Exercise aim:
For the entries below, copy exactly the line that contains "Kutup Yıldızı Kolye" through the line that contains "Шльопанці жіночі утеплені", both ends included, and exclude all pictures.
==== Data under study ====
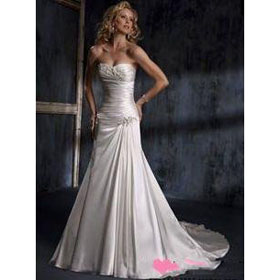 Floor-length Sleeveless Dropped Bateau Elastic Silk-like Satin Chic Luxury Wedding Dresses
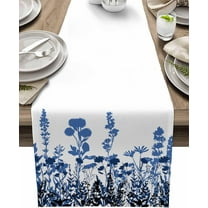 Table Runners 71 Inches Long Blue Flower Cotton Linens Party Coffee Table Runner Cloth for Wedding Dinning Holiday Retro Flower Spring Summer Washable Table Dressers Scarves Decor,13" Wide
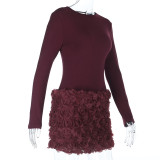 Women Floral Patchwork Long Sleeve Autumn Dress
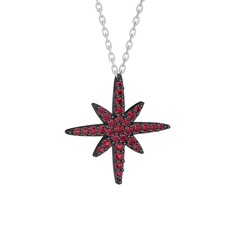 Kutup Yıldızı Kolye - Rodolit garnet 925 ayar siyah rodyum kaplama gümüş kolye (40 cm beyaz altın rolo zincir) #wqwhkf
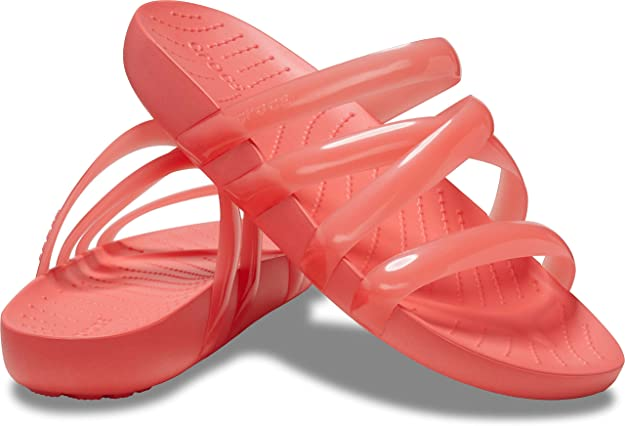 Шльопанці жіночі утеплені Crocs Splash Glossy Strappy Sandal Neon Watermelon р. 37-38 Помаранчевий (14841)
====
==== Data under study ====
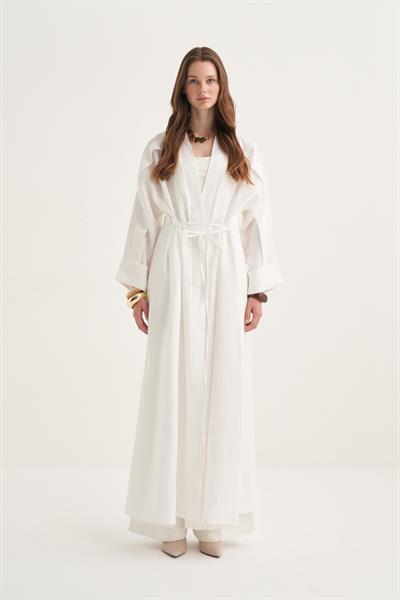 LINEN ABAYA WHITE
====
Result for this exercise:
 Kutup Yıldızı Kolye - Rodolit garnet 925 ayar siyah rodyum kaplama gümüş kolye (40 cm beyaz altın rolo zincir) #wqwhkf
 Шльопанці жіночі утеплені Crocs Splash Glossy Strappy Sandal Neon Watermelon р. 37-38 Помаранчевий (14841)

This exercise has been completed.